* YOUR ASSIGNMENT *
The required output is the exact run of lines below that opens at the line with "Rogers Memriloc Cymbal" and closes at the line with "きんいろモザイク』【九条カレン役】声優・東山奈央×九条通り きんいろモザイク』【九条カレン役】声優・東山奈央×九条通り".

* INPUT FOR THIS TASK *

============

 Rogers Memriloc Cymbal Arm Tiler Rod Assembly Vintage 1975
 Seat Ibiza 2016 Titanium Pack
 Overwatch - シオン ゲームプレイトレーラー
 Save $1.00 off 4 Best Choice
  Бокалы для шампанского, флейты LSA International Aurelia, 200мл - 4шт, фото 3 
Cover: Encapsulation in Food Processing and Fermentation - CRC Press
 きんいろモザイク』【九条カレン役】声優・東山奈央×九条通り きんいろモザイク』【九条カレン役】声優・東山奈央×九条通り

============

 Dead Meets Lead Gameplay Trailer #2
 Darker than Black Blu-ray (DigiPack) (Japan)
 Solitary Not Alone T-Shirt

============

* RESPONSE BELOW *
 Rogers Memriloc Cymbal Arm Tiler Rod Assembly Vintage 1975
 Seat Ibiza 2016 Titanium Pack
 Overwatch - シオン ゲームプレイトレーラー
 Save $1.00 off 4 Best Choice
  Бокалы для шампанского, флейты LSA International Aurelia, 200мл - 4шт, фото 3 
Cover: Encapsulation in Food Processing and Fermentation - CRC Press
 きんいろモザイク』【九条カレン役】声優・東山奈央×九条通り きんいろモザイク』【九条カレン役】声優・東山奈央×九条通り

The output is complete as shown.